"The Sledge Patrol" is a book I read in order to while away the time on a recent long-haul flight, and it turned out to be a remarkable true-life adventure from WWII, a sideshow in the grand scheme of a conflict in which more than 50 million died, but a human drama to match any.
The book relates the story of the 15 or so men of the North-East Greenland Sledge Patrol, a mixture of Danish, Norwegian and Inuit civilians appointed by the Wartime Danish Governor of Greenland to patrol a remote and almost uninhabited 500-mile stretch of coastline to check for signs of German infiltration. The author explains that whilst the men involved undertook their duties conscientiously, most were initially bemused at the idea the German Army might invade NE Greenland. They were though happy to take a salary from the Government for doing something they would have done for nothing, i.e. travelling up and down the coast by dog sledge; and hunting. To give the men legal status and the (theoretical at least) protection of the Geneva Convention, the Danish Governor even officially designated them "The Greenland Army", something which he himself saw the comic side of. However things got serious in the spring of 1943, when three members of the scattered Sledge Patrol did actually discover Germans in Greenland. This was a party of 19, mainly meteorologists sending weather reports that were valuable to the German U-boat operations in the North Atlantic. This discovery, and the fact the Germans knew they had been discovered, led to clashes between the two sides and a desperate retreat by the Danes, who were armed only with hunting rifles and faced opponents with machine guns and grenades. The subsequent story includes several tales of astonishing human endurance, and for the reader the tension is maintained by the knowledge that this is a true life story and therefore not necessarily subject to a Hollywood-style happy ending.
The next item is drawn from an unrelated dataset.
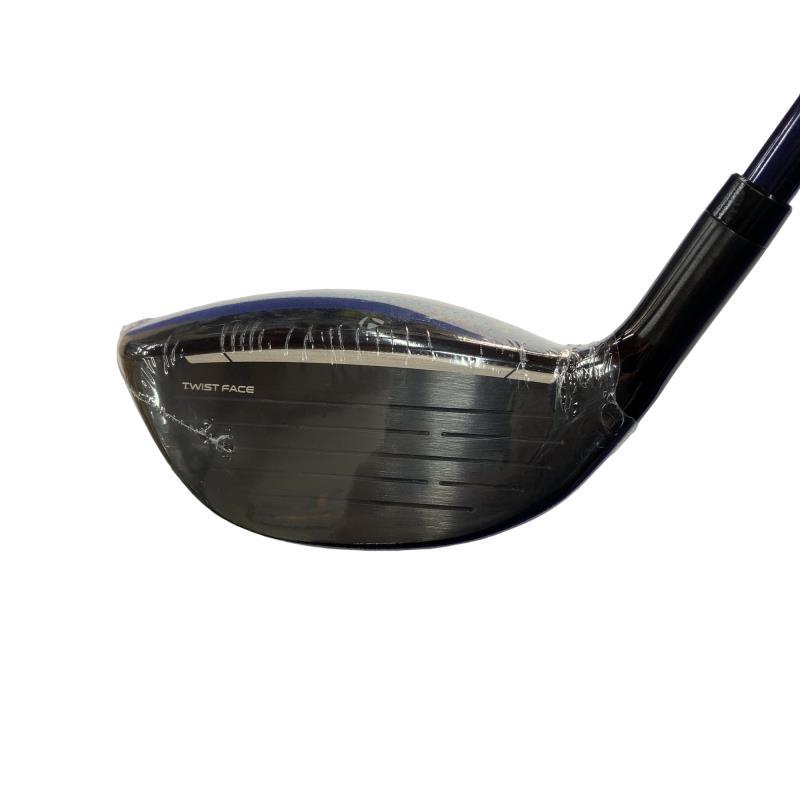 Qi10 フェアウェイウッド5W テーラーメイド新品未使用品　日本仕様 テーラーメイドQi10 5W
The story itself is augmented by the author's descriptions of the landscapes and culture of the Artic, which Mr Howarth himself clearly loved. In a land where human survival is so tenuous, the inhabitants had developed a culture of mutual co-operation and sharing, where the idea of humans killing one another was completely alien. Nevertheless, the terrible World War eventually left its footprint even on them. Recommended for anyone with an interest in WWII.